Print the listing below only from the line that has "Hikvision 24/7 Solar" through the line that has "Misty Forest - Green", exactly, and drop any picture.

SOURCE DATA:
BEGIN

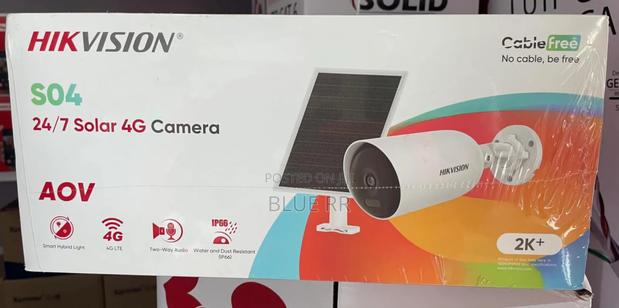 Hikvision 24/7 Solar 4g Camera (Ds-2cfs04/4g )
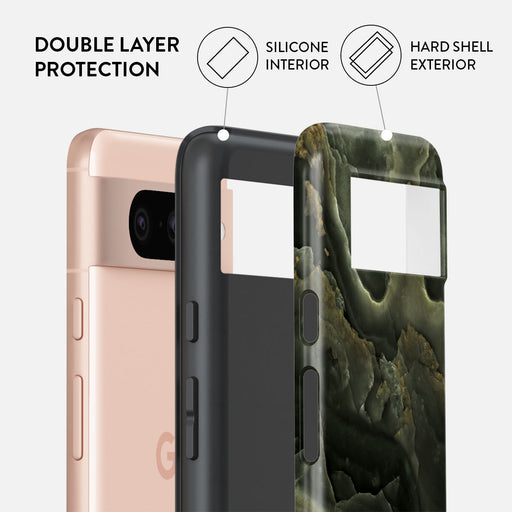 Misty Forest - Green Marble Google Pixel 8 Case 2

END
BEGIN

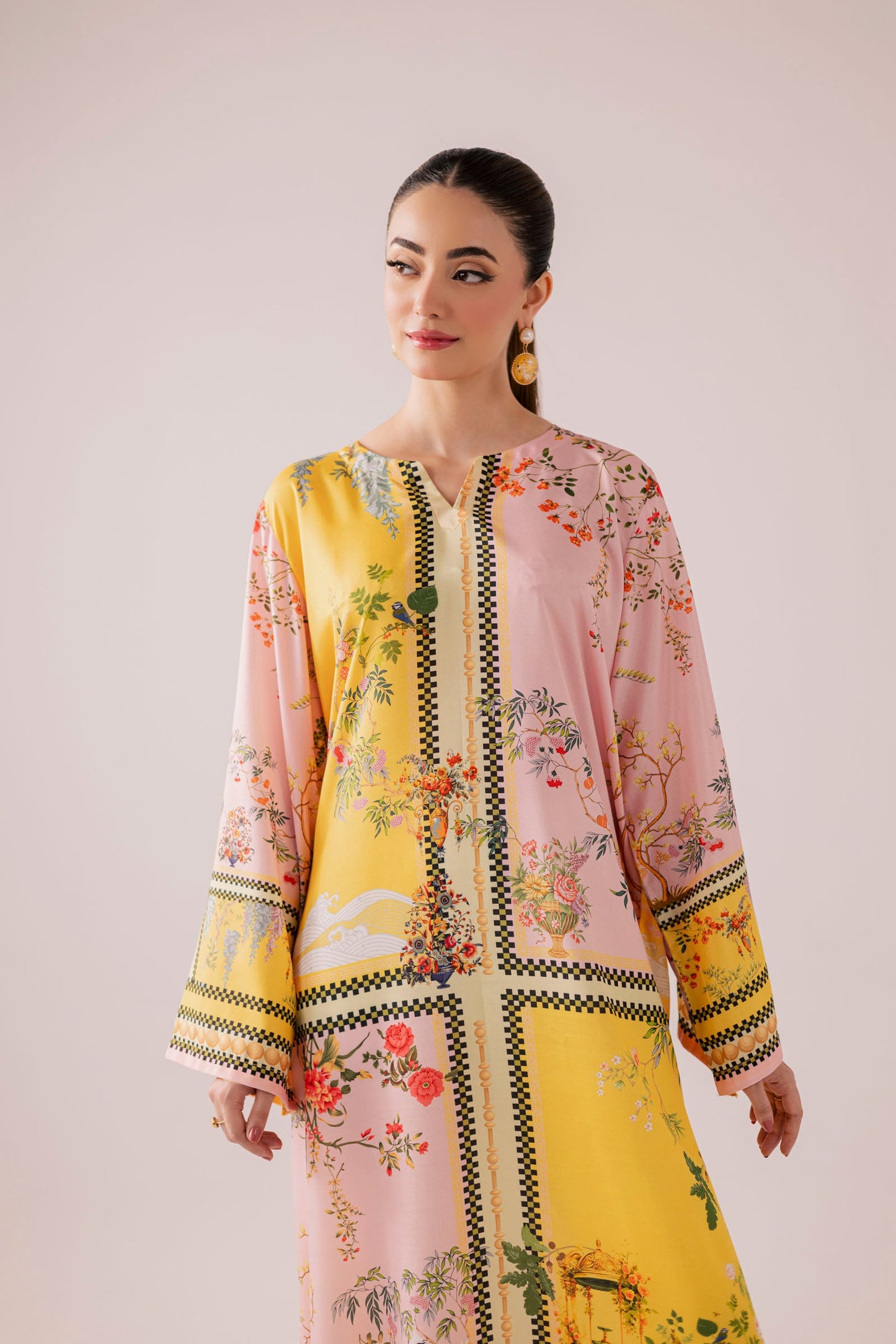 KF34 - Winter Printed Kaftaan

END
BEGIN

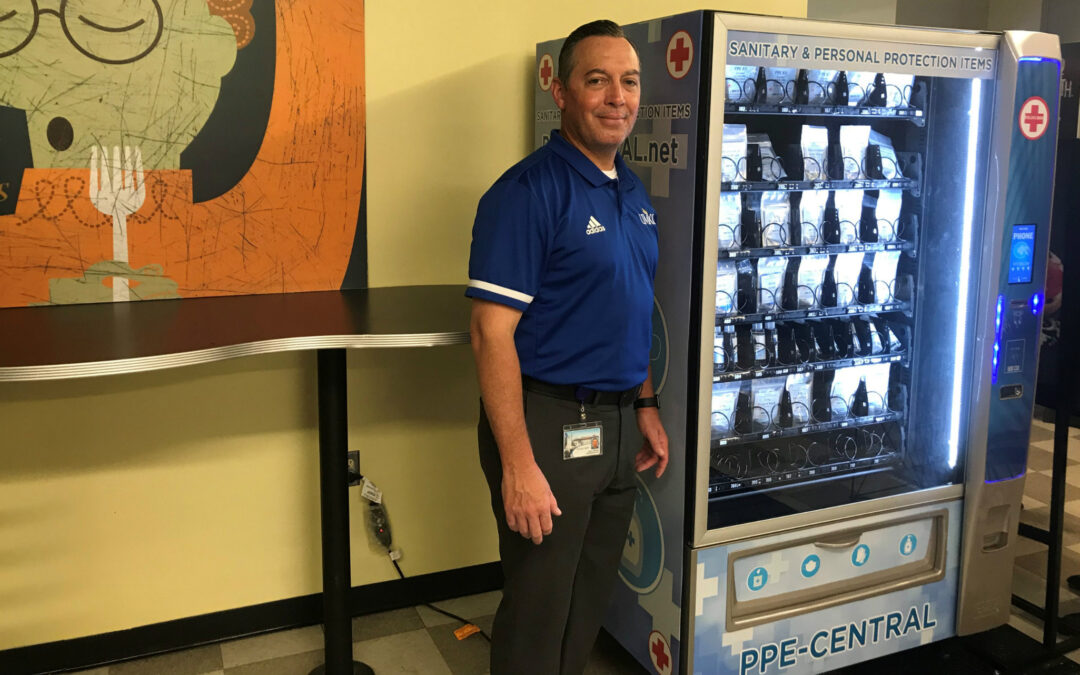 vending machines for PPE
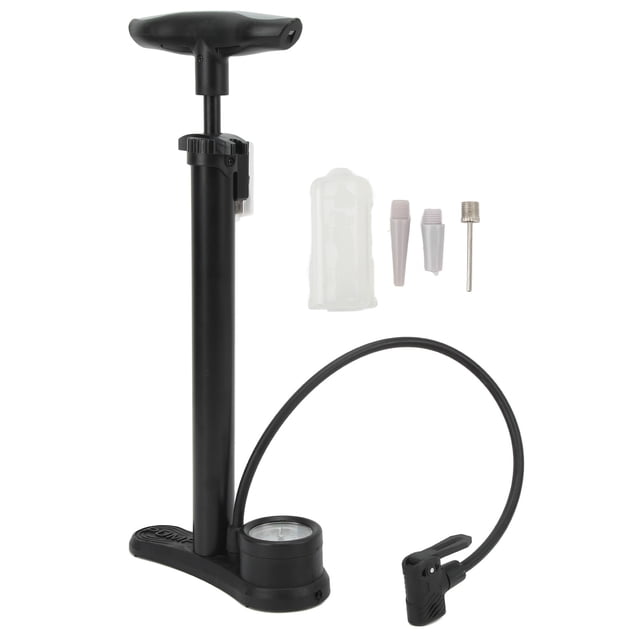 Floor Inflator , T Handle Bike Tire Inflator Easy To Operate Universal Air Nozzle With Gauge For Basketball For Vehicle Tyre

END

RESPONSE TO THE TASK:
 Hikvision 24/7 Solar 4g Camera (Ds-2cfs04/4g )
 Misty Forest - Green Marble Google Pixel 8 Case 2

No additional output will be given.